*What is required:* Begin with the first line of the listing and quote every line through the one containing "Suspeita de intoxicação"; give only those lines.

= = = = =

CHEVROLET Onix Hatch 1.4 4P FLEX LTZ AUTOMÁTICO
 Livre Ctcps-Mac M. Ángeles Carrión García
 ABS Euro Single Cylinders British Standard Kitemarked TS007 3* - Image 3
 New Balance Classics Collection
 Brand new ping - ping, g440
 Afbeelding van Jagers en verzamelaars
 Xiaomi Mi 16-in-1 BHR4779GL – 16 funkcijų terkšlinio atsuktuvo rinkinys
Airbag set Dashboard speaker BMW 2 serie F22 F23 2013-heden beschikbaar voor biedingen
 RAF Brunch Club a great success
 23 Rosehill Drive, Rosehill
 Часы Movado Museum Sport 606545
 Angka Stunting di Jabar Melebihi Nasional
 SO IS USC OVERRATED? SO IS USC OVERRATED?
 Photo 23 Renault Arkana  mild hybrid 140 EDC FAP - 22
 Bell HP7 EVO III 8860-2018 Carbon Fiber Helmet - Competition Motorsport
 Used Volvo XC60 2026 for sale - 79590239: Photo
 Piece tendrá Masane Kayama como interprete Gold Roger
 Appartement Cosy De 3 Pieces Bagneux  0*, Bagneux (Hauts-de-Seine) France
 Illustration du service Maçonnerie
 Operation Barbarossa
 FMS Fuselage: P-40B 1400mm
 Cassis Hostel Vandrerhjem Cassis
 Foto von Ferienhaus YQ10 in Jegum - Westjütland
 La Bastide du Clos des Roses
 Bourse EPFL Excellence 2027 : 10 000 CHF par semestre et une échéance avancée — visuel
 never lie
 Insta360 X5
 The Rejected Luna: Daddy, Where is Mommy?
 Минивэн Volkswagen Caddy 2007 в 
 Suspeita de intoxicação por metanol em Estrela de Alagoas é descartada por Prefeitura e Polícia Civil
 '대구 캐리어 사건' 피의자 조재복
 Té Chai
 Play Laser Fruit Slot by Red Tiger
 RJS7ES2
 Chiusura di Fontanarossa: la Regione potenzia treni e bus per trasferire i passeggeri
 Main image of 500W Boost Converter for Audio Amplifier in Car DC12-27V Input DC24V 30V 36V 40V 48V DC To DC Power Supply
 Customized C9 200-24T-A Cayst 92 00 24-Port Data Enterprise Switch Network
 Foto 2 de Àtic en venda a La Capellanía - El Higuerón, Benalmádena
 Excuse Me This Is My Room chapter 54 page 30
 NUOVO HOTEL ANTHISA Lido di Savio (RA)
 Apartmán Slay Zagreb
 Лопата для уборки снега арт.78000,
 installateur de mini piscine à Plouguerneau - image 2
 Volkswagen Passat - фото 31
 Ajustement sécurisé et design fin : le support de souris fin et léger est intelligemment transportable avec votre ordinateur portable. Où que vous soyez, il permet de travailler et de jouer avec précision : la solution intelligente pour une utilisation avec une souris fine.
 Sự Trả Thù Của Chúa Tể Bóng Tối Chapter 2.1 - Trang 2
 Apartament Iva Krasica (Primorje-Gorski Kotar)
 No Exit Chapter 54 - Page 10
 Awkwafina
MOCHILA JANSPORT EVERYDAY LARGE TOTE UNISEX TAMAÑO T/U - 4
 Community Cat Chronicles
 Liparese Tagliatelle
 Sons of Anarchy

= = = = =

*Expected output:*
CHEVROLET Onix Hatch 1.4 4P FLEX LTZ AUTOMÁTICO
 Livre Ctcps-Mac M. Ángeles Carrión García
 ABS Euro Single Cylinders British Standard Kitemarked TS007 3* - Image 3
 New Balance Classics Collection
 Brand new ping - ping, g440
 Afbeelding van Jagers en verzamelaars
 Xiaomi Mi 16-in-1 BHR4779GL – 16 funkcijų terkšlinio atsuktuvo rinkinys
Airbag set Dashboard speaker BMW 2 serie F22 F23 2013-heden beschikbaar voor biedingen
 RAF Brunch Club a great success
 23 Rosehill Drive, Rosehill
 Часы Movado Museum Sport 606545
 Angka Stunting di Jabar Melebihi Nasional
 SO IS USC OVERRATED? SO IS USC OVERRATED?
 Photo 23 Renault Arkana  mild hybrid 140 EDC FAP - 22
 Bell HP7 EVO III 8860-2018 Carbon Fiber Helmet - Competition Motorsport
 Used Volvo XC60 2026 for sale - 79590239: Photo
 Piece tendrá Masane Kayama como interprete Gold Roger
 Appartement Cosy De 3 Pieces Bagneux  0*, Bagneux (Hauts-de-Seine) France
 Illustration du service Maçonnerie
 Operation Barbarossa
 FMS Fuselage: P-40B 1400mm
 Cassis Hostel Vandrerhjem Cassis
 Foto von Ferienhaus YQ10 in Jegum - Westjütland
 La Bastide du Clos des Roses
 Bourse EPFL Excellence 2027 : 10 000 CHF par semestre et une échéance avancée — visuel
 never lie
 Insta360 X5
 The Rejected Luna: Daddy, Where is Mommy?
 Минивэн Volkswagen Caddy 2007 в 
 Suspeita de intoxicação por metanol em Estrela de Alagoas é descartada por Prefeitura e Polícia Civil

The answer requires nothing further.